Maybe, if a few rather eccentric words of wisdom about rats were the only things to contemplate. But they’re not. Bakrie’s companies have been linked to a number of major scandals involving hundreds of millions of dollars in allegedly unpaid tax, suspected judicial corruption likened to a “court mafia”, and an environmental disaster that has drowned a huge swath of east Java under a lake of toxic mud.
Lots of fingers are pointing at Bakrie, but he denies everything. None of the most serious allegations has ever been proven in Indonesia’s courts.
The Financial Times notes that doing business in Indonesia carries “enormous risk”:
The country ranks 110th in Transparency International’s index of corruption perceptions, just above Ethiopia. The Asian Corporate Governance Association’s latest report says its securities laws fail to prevent either insider trading or market manipulation, while prosecutions usually fail. It adds, witheringly: “The attorney general’s office is considered to be one of the most corrupt institutions in Indonesia, while judges can almost always be had for a price.”
Mr Rothschild seems to have done this deal in a few weeks, which does not allow much time for due diligence. But he must surely be aware that three Bakrie group companies were recently fined Rp500m ($55,000) by the Indonesia Stock Exchange for filing financial statements that mis-stated their cash reserves. And that, in a separate case, a tax official is on trial for allegedly accepting $3m in bribes from subsidiaries of Bumi Resources – a claim the company denies. More prosaically, the Bakrie empire has nearly collapsed twice in the past 12 years, after the 1997/98 Asian financial crisis and again in 2008.
After both near collapses it was rescued in circumstances that still raise questions about conflicts of interest and Bakrie’s political clout, questions the man himself dismisses with unaffected insouciance.
This week a tiny crack appeared in his confident persona, related to allegations of Bumi tax cheating and rumours, swiftly denied by Golkar, of a secret meeting between Bakrie and a corrupt tax official who had bribed his way out of jail to watch a tennis match in Bali. Bakrie, the former coordinating minister for people’s welfare, threatened to file a police complaint against media outlets that had been too “stubborn” in their reporting of the alleged meeting, which he denies.
Last week Bakrie was in Singapore, where he made a speech in which he praised former Singaporean prime minister Lee Kwan Yew as a “great leader”. Lee is notorious for silencing critics with defamation lawsuits.

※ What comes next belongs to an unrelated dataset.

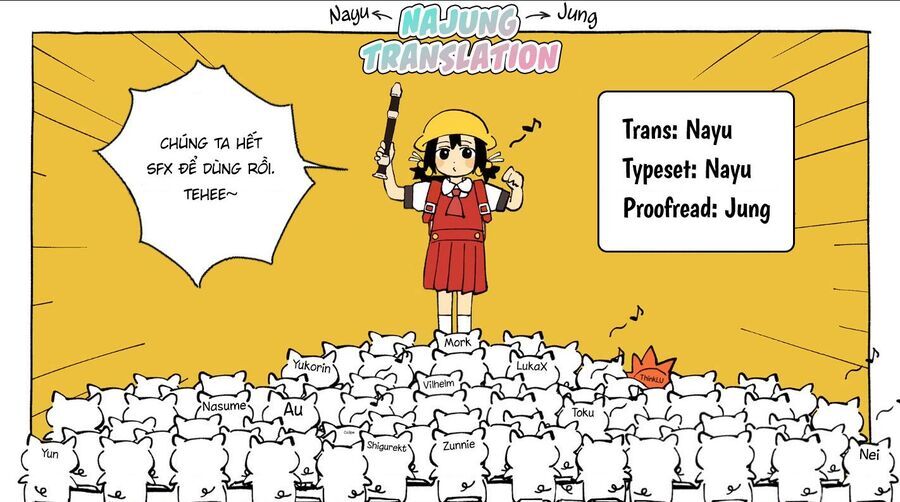 Ogami Tsumiki Và Cuộc Sống Diệu Kì!: Chapter 32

Bakrie also told his audience that to attract the foreign capital required to build up Indonesia’s creaking infrastructure, the “biggest issue is legal certainty and the ability of the government to implement the law”.
With the jewel in his business empire’s crown soon to be listed on the London stock exchange, Bakrie will no doubt welcome the additional scrutiny his affairs are sure to attract.